*** Opening of Records to use ***
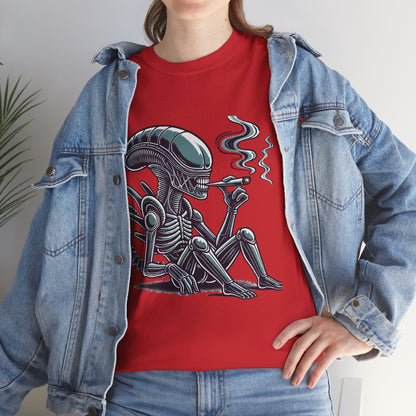 Alien Smoking Graphic Tee — Retro Sci‑Fi Xenomorph T-Shirt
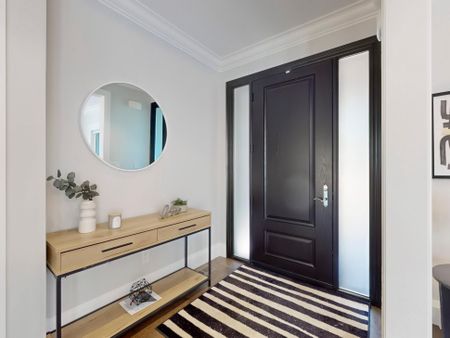 For Lease - 116 Pinegrove Avenue, Toronto, Ontario - Photo 2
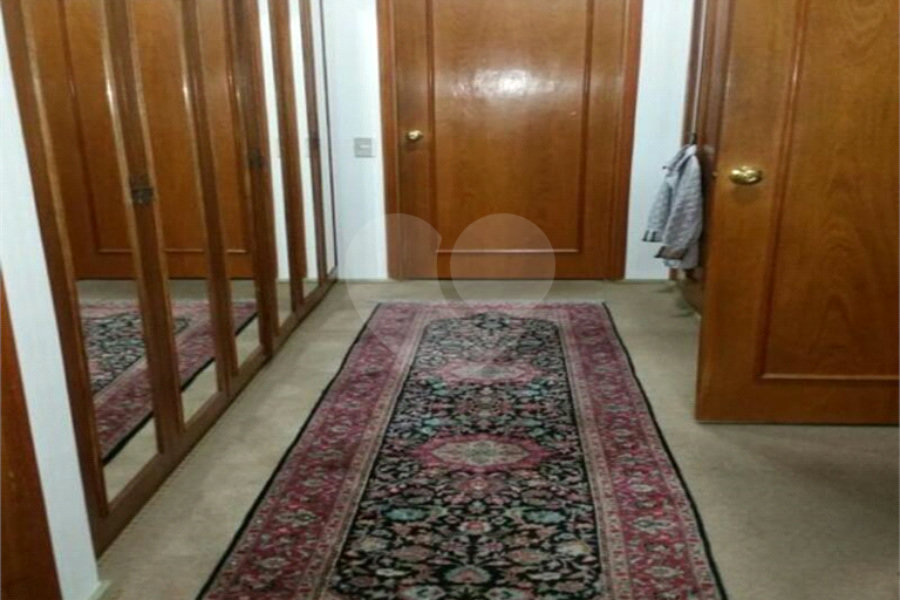 Apartamento à venda com 4 quartos, sendo 3 suítes, em Jardim Paulista, São Paulo, SP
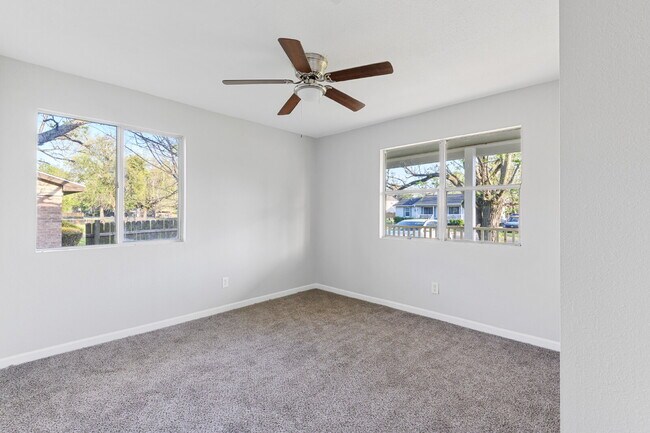 Building Photo - Coming soon Available 7/10/2026 986 Dewalt St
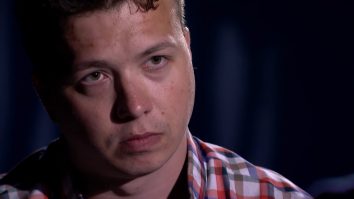 Roman Protasevici, interviu în lacrimi la televiziunea de stat din Belarus. Familia jurnalistului: „L-au forțat să spună ce e necesar”
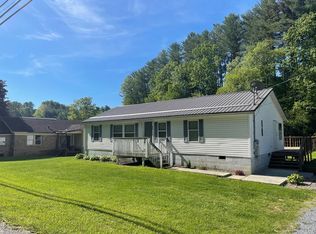 429 Glenview Rd, Crab Orchard, WV 25827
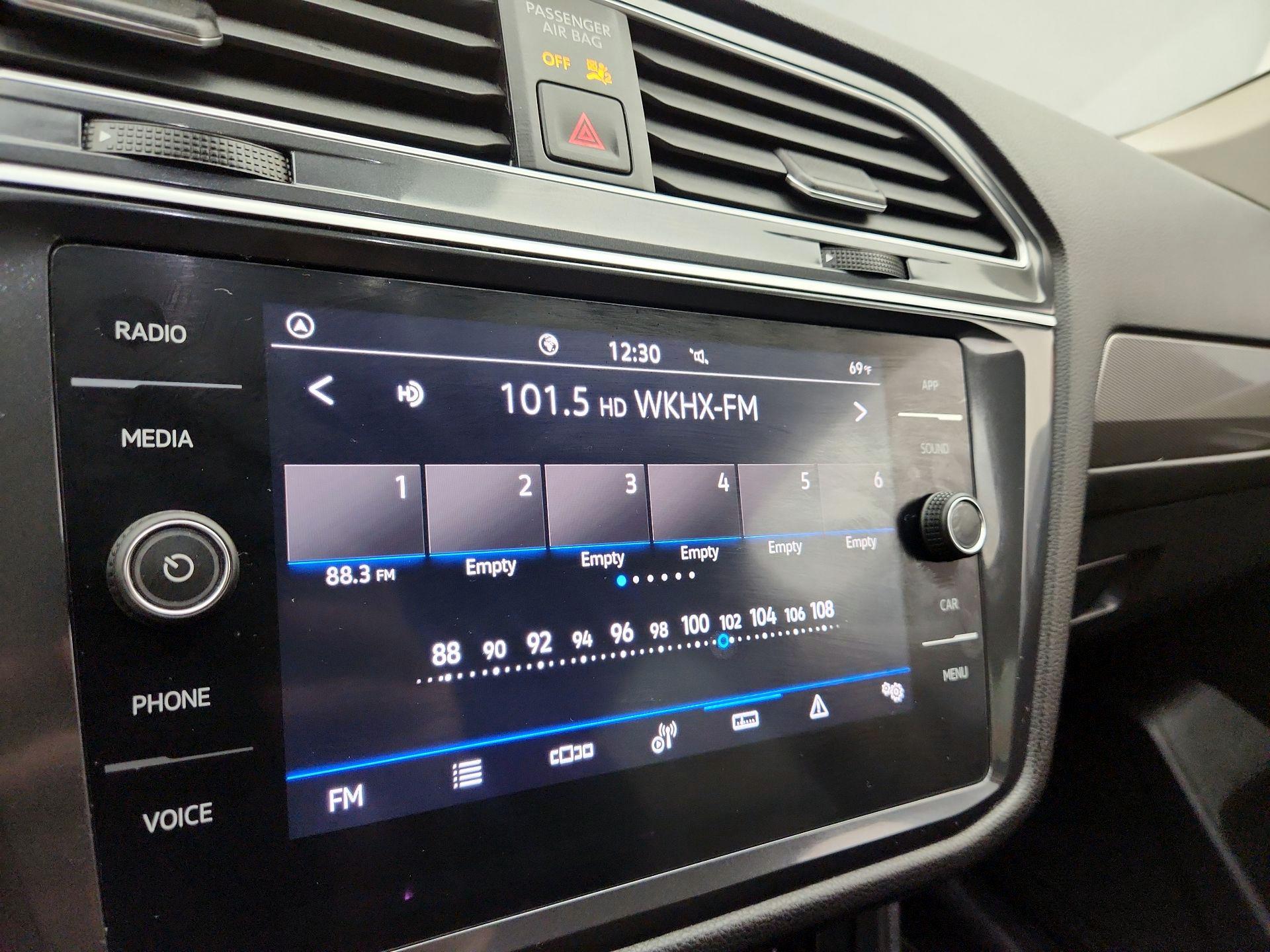 Thumbnail: 2024 Volkswagen Tiguan - 15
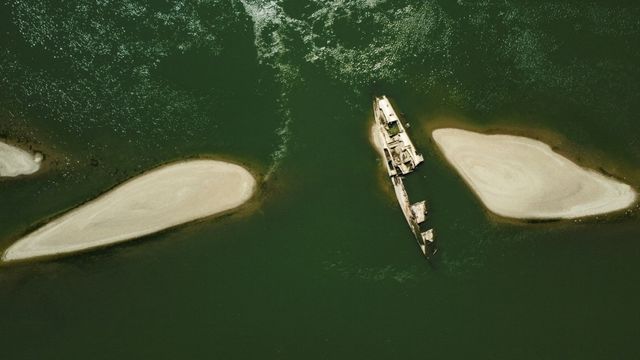 Sunkne krigsskip dukker opp i Donau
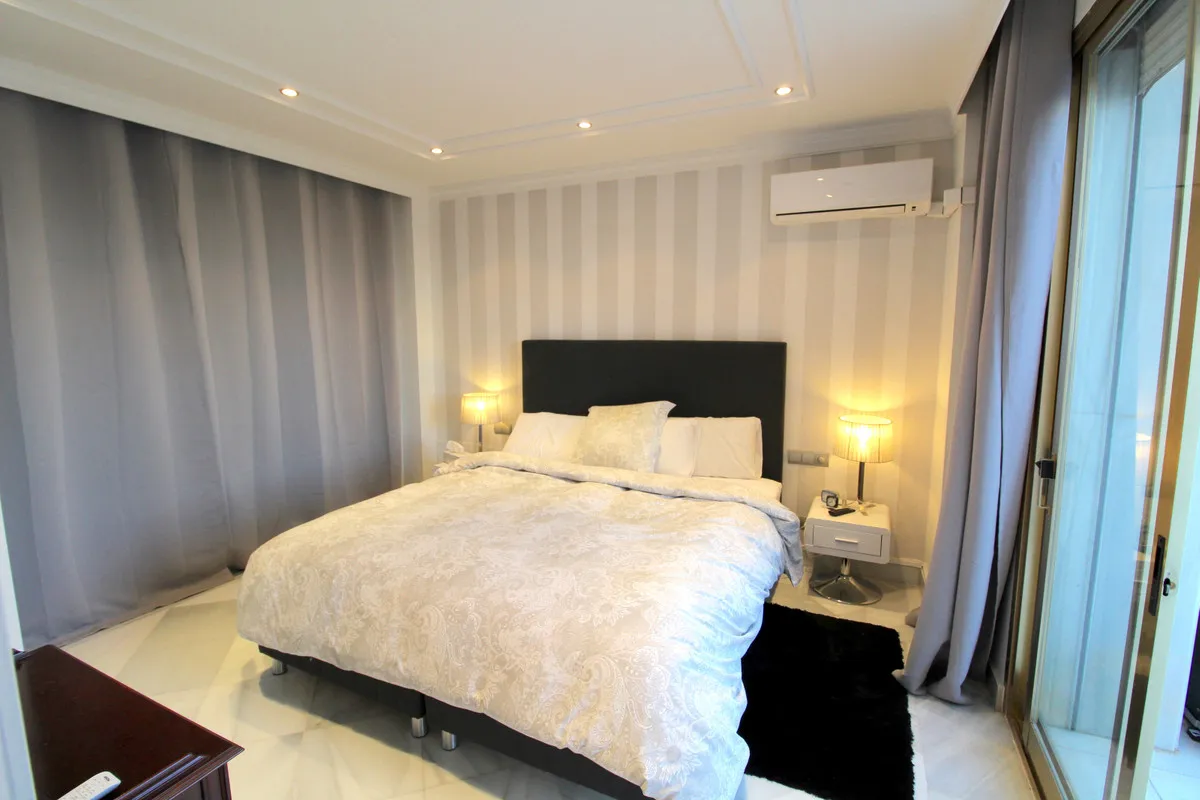 464e37f7-fe83-4a7d-802b-76d0e5b441a2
*** Close of Records to use ***
→ **Exercise directions**:
Output, word for word, the full listing above, with no pictures.

→ **Answer for the task**:
 Alien Smoking Graphic Tee — Retro Sci‑Fi Xenomorph T-Shirt
 For Lease - 116 Pinegrove Avenue, Toronto, Ontario - Photo 2
 Apartamento à venda com 4 quartos, sendo 3 suítes, em Jardim Paulista, São Paulo, SP
 Building Photo - Coming soon Available 7/10/2026 986 Dewalt St
 Roman Protasevici, interviu în lacrimi la televiziunea de stat din Belarus. Familia jurnalistului: „L-au forțat să spună ce e necesar”
 429 Glenview Rd, Crab Orchard, WV 25827
 Thumbnail: 2024 Volkswagen Tiguan - 15
 Sunkne krigsskip dukker opp i Donau
 464e37f7-fe83-4a7d-802b-76d0e5b441a2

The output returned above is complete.